Impacto financiero y daños materiales
La magnitud de las pérdidas económicas muestra una segmentación clara dependiendo del tamaño de la organización. Mientras que las empresas de mayor escala enfrentaron costos millonarios, los negocios de menor tamaño sufrieron golpes proporcionales a su capacidad de flujo de efectivo.
- Las empresas medianas y grandes reportaron pérdidas económicas que superan el millón de pesos.
- Las micro y pequeñas empresas registraron afectaciones financieras en un rango de entre 10,000 y 50,000 pesos.
- El 88% de la planta productiva total manifestó algún nivel de afectación en sus indicadores económicos.
- Un 5% de las organizaciones confirmó daños directos en su patrimonio, incluyendo instalaciones, equipo, vehículos y mercancías.
Alteraciones en el modelo operativo
La inseguridad obligó a una reconfiguración drástica de los esquemas de trabajo durante el inicio de la semana. La imposibilidad de traslado y el riesgo en el entorno derivaron en una transición hacia modelos no presenciales y cierres temporales.
- El 44% de las empresas mantuvo una suspensión total de operaciones el lunes 23 de febrero.
- El 24% implementó un esquema de operación totalmente remota para mantener la continuidad.
- Un 14% logró mantener una operación parcial bajo condiciones limitadas.
- El 11% operó de manera presencial pero con una plantilla de personal reducida.
- Solo el 5% de las empresas pudo establecer un modelo de trabajo híbrido.
Lectura financiera y logística
La operatividad se vio comprometida principalmente por factores externos que impidieron el cumplimiento de la cadena de suministro y la asistencia laboral. Las restricciones en la movilidad afectaron al 50% de las empresas con incidentes reportados, mientras que el 45% sufrió directamente por los cierres en carreteras.
En el ámbito laboral, el absentismo fue un factor determinante en la baja productividad. El 41.3% de los centros de trabajo reportó que más del 75% de su personal se vio imposibilitado para acudir a sus puestos, dejando solo a un 7% de las empresas con una asistencia íntegra y sin afectaciones. Las causas principales de esta parálisis operativa se concentraron en:
- Reducción o suspensión temporal de las actividades en el 38% de los casos.
- Cancelación de servicios contratados y severas afectaciones logísticas en el 37%.
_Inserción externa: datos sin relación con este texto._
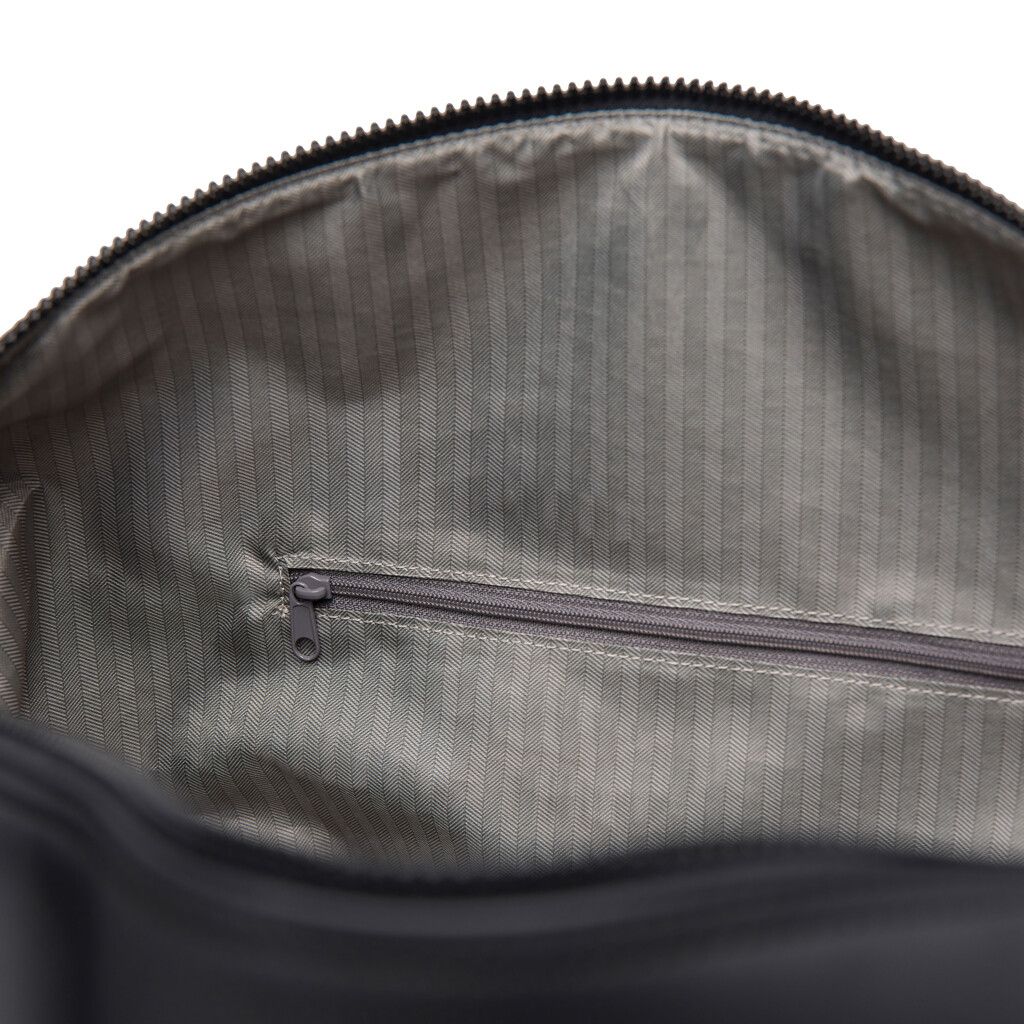 VINGA Baltimore RCS 24h Wochenendtasche - schwarz-661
- Imposibilidad física para el traslado de los colaboradores hacia sus centros de trabajo en el 27%.
Proceso de reactivación y retos vigentes
Hacia el 24 de febrero, la actividad mostró signos de recuperación con el 96% de las empresas reactivadas. Sin embargo, un 4% permanece sin condiciones para operar debido a la falta de insumos básicos o la persistencia de riesgos de seguridad. A pesar de la reapertura, la normalización total enfrenta obstáculos logísticos, ya que el 66% de las organizaciones todavía registra retrasos de hasta el 10% en su plantilla laboral, principalmente por deficiencias y riesgos en el transporte público y privado.
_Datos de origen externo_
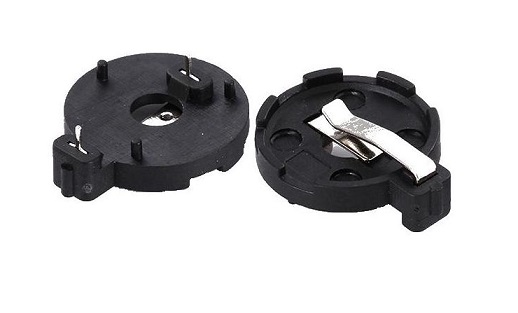 LJQ-NK-3-1-2032   (图3)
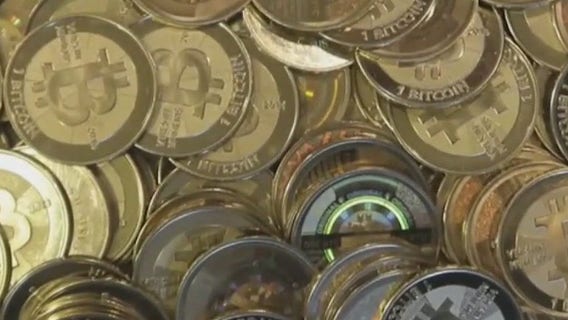 Stock market, Bitcoin soaring to record highs since presidential election. Will it last?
Para los inversionistas y proveedores, estos hechos representan un incremento en el riesgo operativo y una presión adicional sobre los márgenes de rentabilidad, especialmente para el sector comercio y servicios. La vulnerabilidad de la infraestructura logística y la seguridad física de los activos se consolidan como variables críticas que podrían condicionar los planes de inversión y la confianza en el ecosistema empresarial de la entidad a corto plazo.